Narcisme is in grote succeskerken juist een voordeel
Het Nederlands Dagblad berichtte 21 september zowel over de nalatenschap van Henri Nouwen als over het opstappen van kerkleider Brian Houston, oprichter van de wereldwijde megakerk Hillsong Church. Het maakte nogal wat bij mij los.
Brian Houston stapt uit bijna alle kerkbesturen omdat hij wordt beschuldigd van het verzwijgen van zijn vaders kindermisbruik. Opvallend is dat Brian naar eigen zeggen wel ‘global senior pastor’ blijft. Hillsong ligt al langer onder vuur vanwege leiderschaps- en misbruikschandalen die vooral in de Amerikaanse kerken plaatsvonden. Nog maar kort geleden moest voorganger van Hillsong New York Carl Lentz opstappen vanwege buitenechtelijke affaires.
In het Amerikaanse megakerkwereldje komen veel vaker voorgangers in opspraak. Bill Hybels richtte in 1975 samen met zijn vrouw Willow Creek op, dat uitgroeide tot één van de grootste Amerikaanse kerken. Maar in 2018 ging Hybels vervroegd met pensioen nadat hij was beschuldigd van seksueel overschrijdend gedrag.

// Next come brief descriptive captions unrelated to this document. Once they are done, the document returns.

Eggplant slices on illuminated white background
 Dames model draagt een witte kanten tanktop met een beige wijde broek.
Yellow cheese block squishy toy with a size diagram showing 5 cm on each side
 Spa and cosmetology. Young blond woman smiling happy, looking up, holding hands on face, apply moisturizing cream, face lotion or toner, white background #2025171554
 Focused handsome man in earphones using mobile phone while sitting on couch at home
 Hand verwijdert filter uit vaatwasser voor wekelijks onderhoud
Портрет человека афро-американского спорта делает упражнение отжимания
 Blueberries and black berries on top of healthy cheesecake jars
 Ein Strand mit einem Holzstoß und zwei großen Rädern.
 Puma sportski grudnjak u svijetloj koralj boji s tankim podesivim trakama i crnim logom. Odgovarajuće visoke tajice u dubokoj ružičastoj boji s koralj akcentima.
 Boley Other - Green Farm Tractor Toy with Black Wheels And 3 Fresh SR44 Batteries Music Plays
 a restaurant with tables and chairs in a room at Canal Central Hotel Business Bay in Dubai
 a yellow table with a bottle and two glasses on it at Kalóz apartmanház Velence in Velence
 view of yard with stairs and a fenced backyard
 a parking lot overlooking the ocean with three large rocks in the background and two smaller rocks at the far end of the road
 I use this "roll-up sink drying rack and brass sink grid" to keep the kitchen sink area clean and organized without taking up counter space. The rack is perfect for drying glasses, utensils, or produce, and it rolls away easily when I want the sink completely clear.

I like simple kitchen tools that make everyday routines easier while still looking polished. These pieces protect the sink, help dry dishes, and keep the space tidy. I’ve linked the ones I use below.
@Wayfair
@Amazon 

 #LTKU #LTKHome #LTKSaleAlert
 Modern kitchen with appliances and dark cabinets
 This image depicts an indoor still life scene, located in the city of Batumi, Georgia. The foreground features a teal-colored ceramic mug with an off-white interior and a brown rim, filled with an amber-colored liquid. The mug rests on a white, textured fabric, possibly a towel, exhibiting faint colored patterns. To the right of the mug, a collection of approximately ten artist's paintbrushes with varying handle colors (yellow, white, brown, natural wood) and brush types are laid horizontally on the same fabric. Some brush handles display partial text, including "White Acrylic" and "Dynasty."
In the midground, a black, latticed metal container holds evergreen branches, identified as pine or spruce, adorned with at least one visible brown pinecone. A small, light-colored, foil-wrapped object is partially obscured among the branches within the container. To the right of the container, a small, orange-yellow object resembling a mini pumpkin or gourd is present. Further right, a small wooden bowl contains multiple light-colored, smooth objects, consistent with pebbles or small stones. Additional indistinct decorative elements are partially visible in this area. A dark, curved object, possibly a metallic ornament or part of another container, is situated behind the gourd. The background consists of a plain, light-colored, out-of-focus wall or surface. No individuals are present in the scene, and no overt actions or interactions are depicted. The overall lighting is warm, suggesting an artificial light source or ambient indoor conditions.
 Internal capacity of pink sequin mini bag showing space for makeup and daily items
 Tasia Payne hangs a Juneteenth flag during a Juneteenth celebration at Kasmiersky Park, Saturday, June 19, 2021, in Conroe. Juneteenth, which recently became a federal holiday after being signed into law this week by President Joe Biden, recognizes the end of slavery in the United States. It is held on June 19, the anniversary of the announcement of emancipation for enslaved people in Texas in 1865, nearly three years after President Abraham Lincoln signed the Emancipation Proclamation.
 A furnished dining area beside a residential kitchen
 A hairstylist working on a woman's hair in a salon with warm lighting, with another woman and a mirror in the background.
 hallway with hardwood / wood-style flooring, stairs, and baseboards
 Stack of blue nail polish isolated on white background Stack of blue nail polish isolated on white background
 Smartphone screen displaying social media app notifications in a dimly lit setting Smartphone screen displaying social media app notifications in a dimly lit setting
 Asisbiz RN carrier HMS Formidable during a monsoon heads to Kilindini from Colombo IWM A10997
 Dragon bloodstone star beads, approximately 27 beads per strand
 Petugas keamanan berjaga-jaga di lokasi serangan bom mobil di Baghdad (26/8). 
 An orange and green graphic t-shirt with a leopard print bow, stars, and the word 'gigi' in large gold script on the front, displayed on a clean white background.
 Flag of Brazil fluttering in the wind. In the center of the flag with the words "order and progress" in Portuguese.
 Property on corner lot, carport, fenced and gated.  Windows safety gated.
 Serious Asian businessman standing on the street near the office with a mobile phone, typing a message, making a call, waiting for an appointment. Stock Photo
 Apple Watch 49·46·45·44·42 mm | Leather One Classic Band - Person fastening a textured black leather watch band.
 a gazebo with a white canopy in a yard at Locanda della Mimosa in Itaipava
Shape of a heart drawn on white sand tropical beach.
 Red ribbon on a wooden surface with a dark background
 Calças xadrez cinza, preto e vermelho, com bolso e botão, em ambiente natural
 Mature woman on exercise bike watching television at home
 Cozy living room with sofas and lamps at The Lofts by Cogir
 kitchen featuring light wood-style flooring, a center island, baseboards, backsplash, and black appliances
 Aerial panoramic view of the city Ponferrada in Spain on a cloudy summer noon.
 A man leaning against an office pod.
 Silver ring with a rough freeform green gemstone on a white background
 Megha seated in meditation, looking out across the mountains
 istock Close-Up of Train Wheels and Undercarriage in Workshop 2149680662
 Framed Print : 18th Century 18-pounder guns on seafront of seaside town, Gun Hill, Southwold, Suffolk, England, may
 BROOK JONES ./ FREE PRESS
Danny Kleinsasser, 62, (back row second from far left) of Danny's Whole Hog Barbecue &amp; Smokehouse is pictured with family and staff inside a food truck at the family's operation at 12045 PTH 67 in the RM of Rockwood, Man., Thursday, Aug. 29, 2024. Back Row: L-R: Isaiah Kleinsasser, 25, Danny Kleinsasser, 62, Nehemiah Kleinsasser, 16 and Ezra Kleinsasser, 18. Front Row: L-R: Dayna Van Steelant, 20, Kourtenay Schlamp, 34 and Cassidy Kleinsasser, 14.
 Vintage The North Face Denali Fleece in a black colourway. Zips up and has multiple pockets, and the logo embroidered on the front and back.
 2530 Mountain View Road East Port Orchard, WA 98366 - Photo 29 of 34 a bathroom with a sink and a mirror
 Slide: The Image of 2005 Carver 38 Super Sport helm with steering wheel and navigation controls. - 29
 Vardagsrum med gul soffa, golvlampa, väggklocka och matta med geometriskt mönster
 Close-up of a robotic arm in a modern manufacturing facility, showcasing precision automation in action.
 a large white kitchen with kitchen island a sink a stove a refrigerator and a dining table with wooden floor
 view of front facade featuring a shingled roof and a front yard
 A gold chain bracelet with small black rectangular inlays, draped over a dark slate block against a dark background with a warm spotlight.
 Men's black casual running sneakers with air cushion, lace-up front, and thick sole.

Nog een ander voorbeeld in deze sfeer: de grote kerkgemeenschap Mars Hill werd in 1996 in Seattle opgericht door prediker Mark Driscoll. Hij werd op handen gedragen en de populariteit van de kerk was enorm, zijn online preken trokken kijkers van over de hele wereld. Ik kreeg van een gemeentelid de links naar zijn preken doorgestuurd: daar kon ik nog eens wat van leren. Deze man was grappig, radicaal en welbespraakt. Wat een charisma, wat een boodschap en wat een succes. Een kerk met zo’n voorganger hoefde niet bang te zijn voor krimp of vergrijzing. Zie je wel dat kerkgroei mogelijk is? Preek uit je hoofd, trek een strakke spijkerbroek aan en wees een krachtige persoonlijkheid. In 2014 kwam aan dit succes van Mars Hill echter abrupt een einde door een onderzoeksrapport over machtsmisbruik en intimidatie van de voorganger. Mark Driscoll stapte op, beloofde beterschap, begon weer opnieuw maar raakte kort geleden opnieuw in opspraak vanwege zijn leiderschapsstijl die werd ervaren als autoritair en grensoverschrijdend.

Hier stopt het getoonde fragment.